A consistent good actor and un-aging idol type, Luis Gonzales carries off the romantic sequence with Blanca Gomez very well, indeed.  In fact, were it the objective of the story of Paano Kita Lilimutin, a colorful match between the experience Luis Gonzales and a fresh, gaily innocent girl (either Gina Pareno or Blanca Gomez) would have been vastly more interesting than pairing him with an actress who has been type-cast for the role because of their approximately corresponding number of years.  One appreciates this fact more when the picture's ending comes, in which Luis Gonzales puts his arms around Gina Pareno to console her in her grief:  this supposedly fatherly gesture generates more electricity than all the polite embraces among the three conventional couples of the film.
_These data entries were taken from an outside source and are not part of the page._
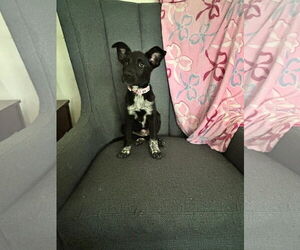 Mutt Dogs for adoption in New London, WI, USA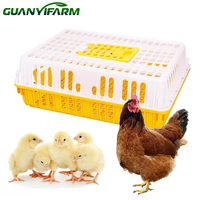 GUANYI FARM Nueva Cesta de Transporte de Plástico para Aves de Corral, Jaula para Gallinas Ponedoras/Patos/Gansos Adultos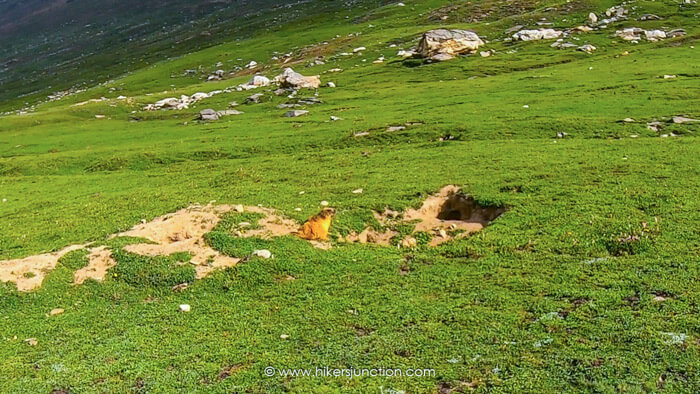 Himalayan Marmot sighted on the trek Himalayan Marmot sighted on the trek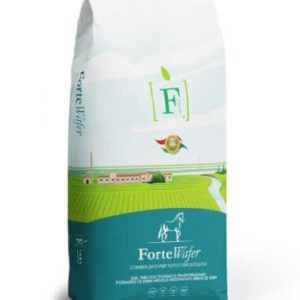 Forte Wafer Base קוביות אספסת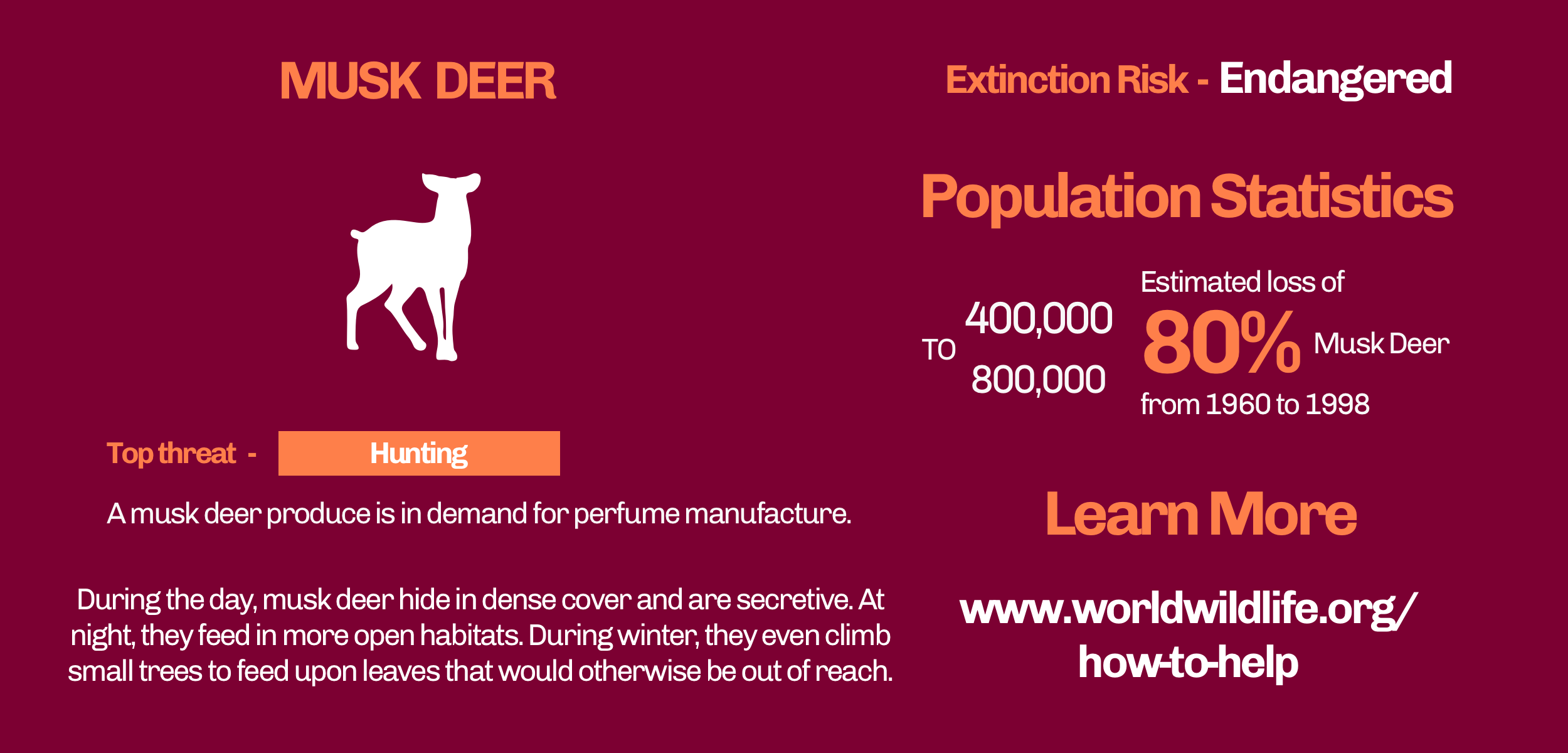 Deer.png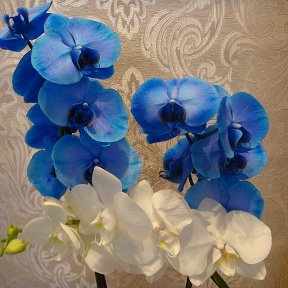 Фотография "Орхидея синяя  70-80см 6000тг, белая 3500тг синяя продана !!!!!белая продана"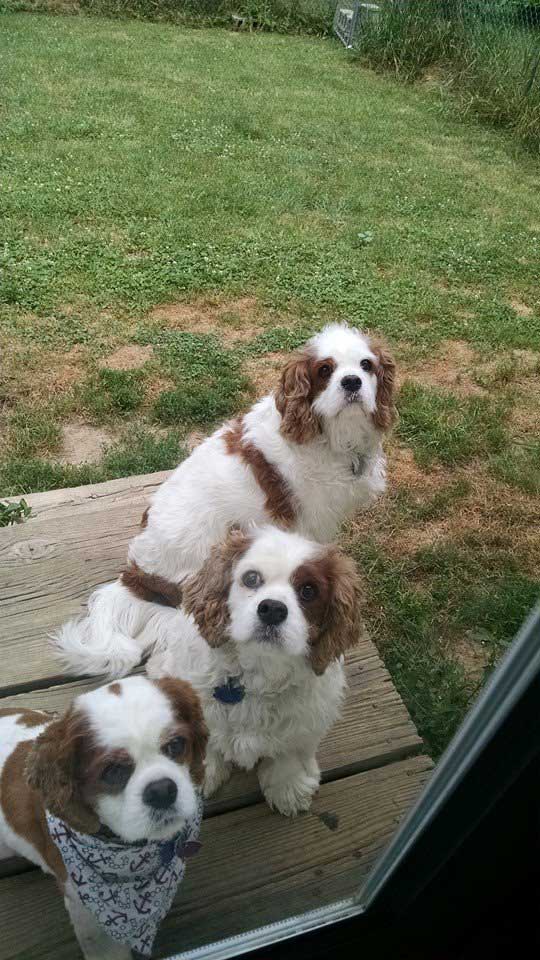 A companion animal at Town & Country Animal Hospital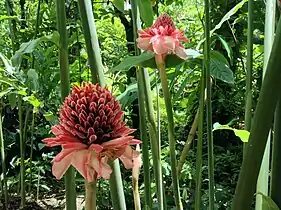 Etlingera elatior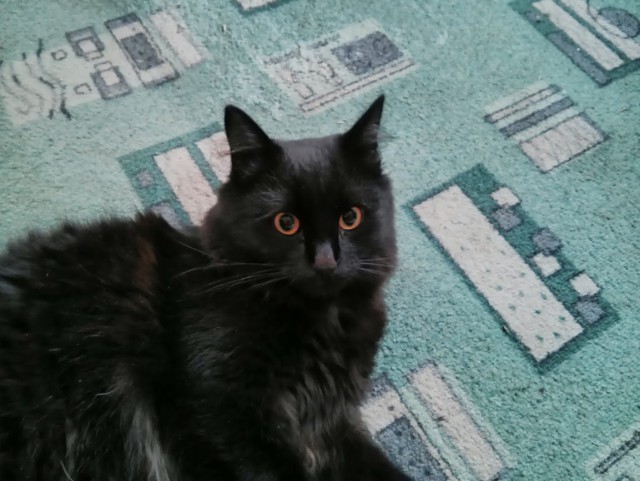 Котовторник  05.11.2013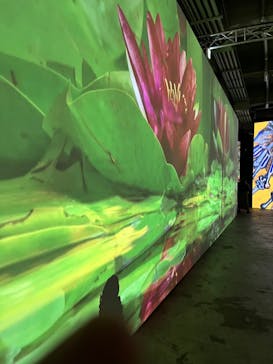 ゴッホ・アライブに投稿された画像（2024/2/4）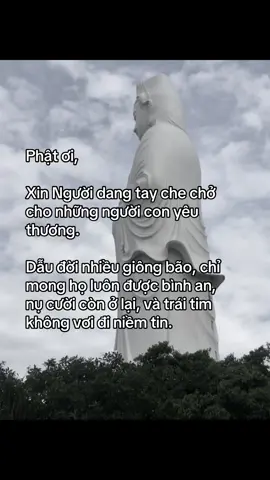 🪷#phepmau #phatgiao 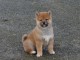 Chiot Shiba Inu mâle ,Portée de 1 mâle - 1 femelle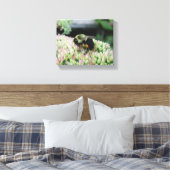 Schöne Fütternd Biene Leinwanddruck (Insitu (Schlafzimmer))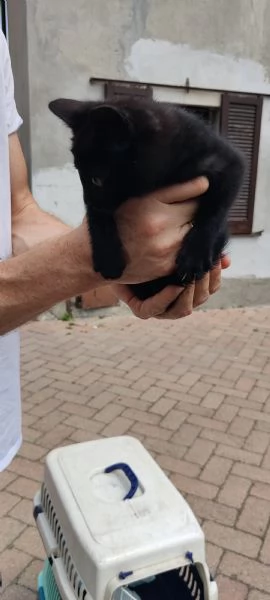 GATTINA DOLCISSIMA | Foto 4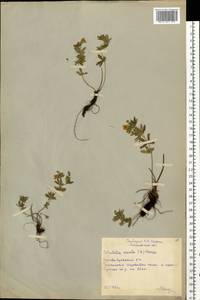 Potentilla erecta (L.) Raeusch., Eastern Europe, Moscow region (E4a) (Russia)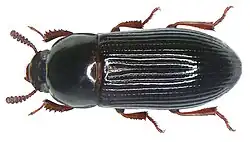 Uloma emarginata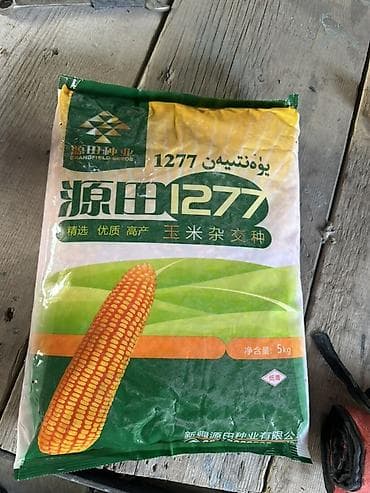 золотые часы бишкек: Кукурузные семена YuanTian 1277 (源田1277) - Производитель: Grandfield — 1
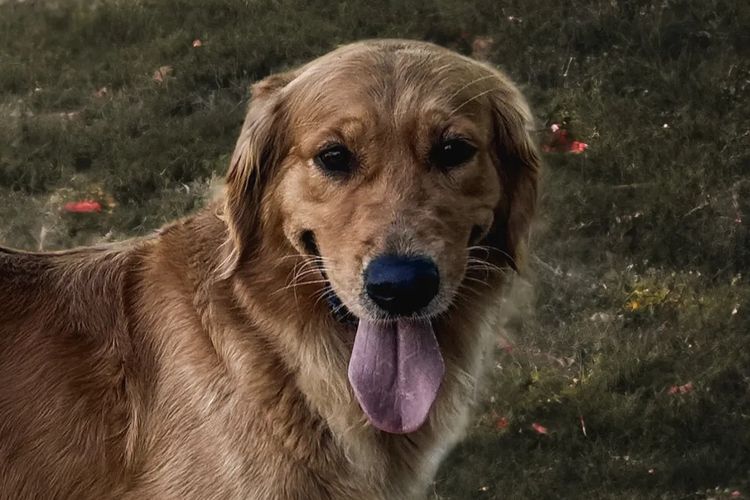 Tyalla Farm Golden Retrievers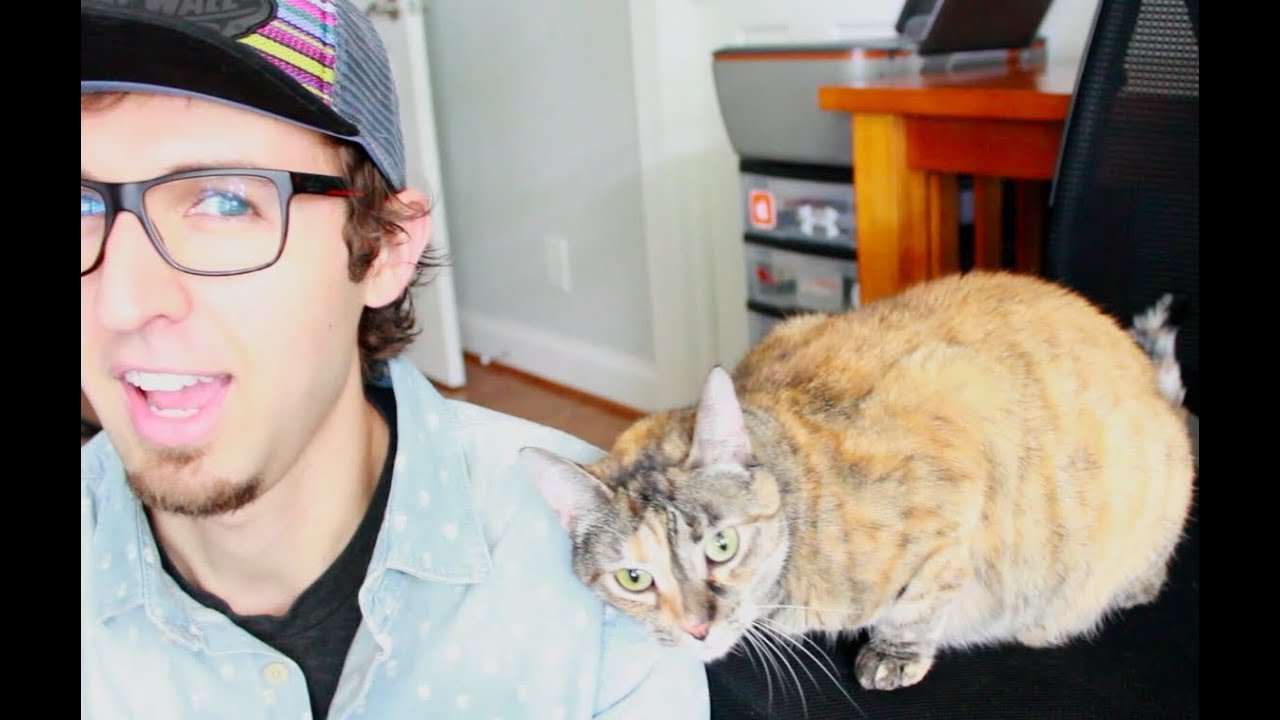 Meet My Cats + Cat Video Montage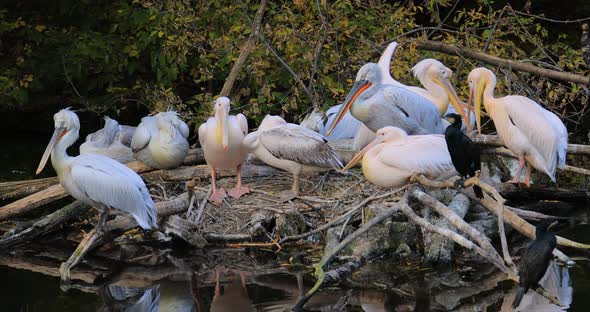 Dalmatian Pelican Pelecanus Crispus Is the Largest Member of the Pelican Family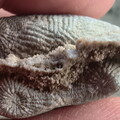 SRL88 Asterobillingsia (colonial rugose coral)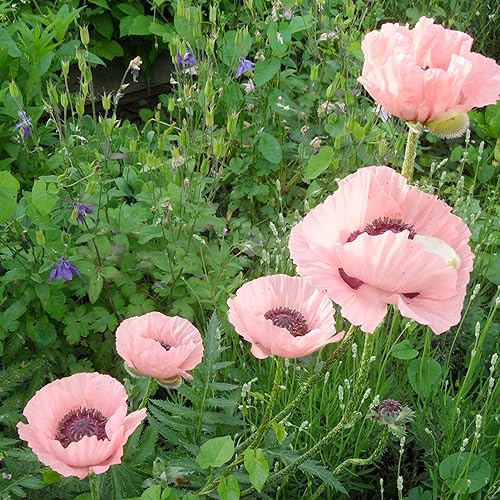 Miniatura 4 de YEGAOL Garden - Semillas orientales de amapola oriental "Princesa Victoria Louise", atrae polinizadores, bordes tolerantes a la sequía, ciervos y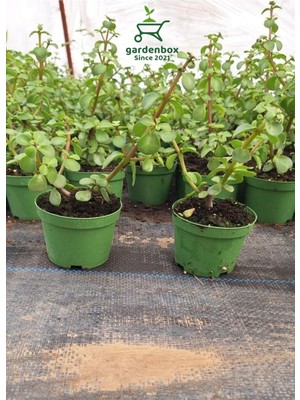 Şanal Gardenbox Dekoratif Canlı Bitki Yeşim Çiçeği, 8.5 Saksıda, 10-15 cm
Sure, the three pairs of lovers finally find their rightful places beside each other in Paano Kita Lilimutin after the numerous serialized tribulations:  the rich Blanca Gomez with her shy, darkly handsome and devoted poor woman's son Edgar Salcedo; the malleable Gina Pareno with her forgiving Ramil Rodriguez; and the domesticated Gloria Romero with her dependable doctor Luis Gonzales.  Lolita Rodriguez, after seeing her irrepressible daughter Gina Pareno go through a colorful sequence of being a willful woman, a pathetic bride-not-to-be, and aleggy striptease dancer, chooses to die rather than see her offspring's proud loveliness to be transformed into the weeping mask of a belated mourner in imitation of life.